— WORK TASK —
Tally the lines in the listing below that hold the string "Sport", and reply with that tally alone.
━━━ MATERIAL FOR THIS EXERCISE ━━━
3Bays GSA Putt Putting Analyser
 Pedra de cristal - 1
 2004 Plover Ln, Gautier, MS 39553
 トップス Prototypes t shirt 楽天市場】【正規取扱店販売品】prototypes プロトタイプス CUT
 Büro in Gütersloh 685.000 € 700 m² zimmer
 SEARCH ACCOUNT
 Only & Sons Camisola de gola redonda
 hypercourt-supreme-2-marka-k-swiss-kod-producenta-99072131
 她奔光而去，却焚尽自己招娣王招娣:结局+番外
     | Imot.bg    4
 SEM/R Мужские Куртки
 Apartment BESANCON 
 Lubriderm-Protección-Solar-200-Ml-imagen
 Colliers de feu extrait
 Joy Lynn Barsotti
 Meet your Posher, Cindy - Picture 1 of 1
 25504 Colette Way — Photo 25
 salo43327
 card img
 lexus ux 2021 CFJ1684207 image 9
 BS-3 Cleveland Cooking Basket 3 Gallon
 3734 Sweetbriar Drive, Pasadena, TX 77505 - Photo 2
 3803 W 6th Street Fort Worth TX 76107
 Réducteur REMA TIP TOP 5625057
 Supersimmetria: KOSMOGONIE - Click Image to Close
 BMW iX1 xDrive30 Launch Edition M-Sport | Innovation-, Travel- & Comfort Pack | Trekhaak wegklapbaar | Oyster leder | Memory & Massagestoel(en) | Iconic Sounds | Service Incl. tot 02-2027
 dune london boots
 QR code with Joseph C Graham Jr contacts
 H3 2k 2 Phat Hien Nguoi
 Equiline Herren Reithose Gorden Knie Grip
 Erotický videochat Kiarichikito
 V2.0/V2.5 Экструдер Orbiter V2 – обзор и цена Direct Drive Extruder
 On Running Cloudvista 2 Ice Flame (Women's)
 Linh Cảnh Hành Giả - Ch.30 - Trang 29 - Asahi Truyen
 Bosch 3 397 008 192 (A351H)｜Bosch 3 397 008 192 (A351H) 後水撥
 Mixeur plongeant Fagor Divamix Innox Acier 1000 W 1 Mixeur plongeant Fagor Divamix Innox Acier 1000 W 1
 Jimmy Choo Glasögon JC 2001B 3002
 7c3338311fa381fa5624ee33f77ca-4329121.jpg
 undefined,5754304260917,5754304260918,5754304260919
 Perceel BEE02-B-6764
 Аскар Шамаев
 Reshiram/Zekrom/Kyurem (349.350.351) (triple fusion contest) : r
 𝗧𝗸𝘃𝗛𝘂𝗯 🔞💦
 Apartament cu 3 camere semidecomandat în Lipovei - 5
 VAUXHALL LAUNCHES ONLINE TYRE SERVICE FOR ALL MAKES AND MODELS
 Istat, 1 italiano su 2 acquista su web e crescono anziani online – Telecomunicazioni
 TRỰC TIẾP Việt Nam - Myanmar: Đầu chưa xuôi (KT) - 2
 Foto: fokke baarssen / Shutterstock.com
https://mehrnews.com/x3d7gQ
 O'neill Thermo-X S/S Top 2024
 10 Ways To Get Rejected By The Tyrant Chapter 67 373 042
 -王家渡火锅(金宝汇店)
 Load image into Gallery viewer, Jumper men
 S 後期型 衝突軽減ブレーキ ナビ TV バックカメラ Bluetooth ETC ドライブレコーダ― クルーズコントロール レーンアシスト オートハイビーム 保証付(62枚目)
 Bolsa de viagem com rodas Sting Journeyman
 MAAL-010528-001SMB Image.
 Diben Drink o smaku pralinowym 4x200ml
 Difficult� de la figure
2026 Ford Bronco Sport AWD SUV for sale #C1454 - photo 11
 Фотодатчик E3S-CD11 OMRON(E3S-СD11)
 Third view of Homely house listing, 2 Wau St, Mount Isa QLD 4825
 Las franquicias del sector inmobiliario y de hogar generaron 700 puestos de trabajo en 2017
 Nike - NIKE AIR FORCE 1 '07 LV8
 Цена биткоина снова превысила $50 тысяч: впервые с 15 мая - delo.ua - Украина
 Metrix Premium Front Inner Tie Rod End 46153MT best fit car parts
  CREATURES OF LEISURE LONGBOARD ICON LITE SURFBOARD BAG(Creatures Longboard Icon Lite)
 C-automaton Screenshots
━━━
— EXPECTED ANSWER —
2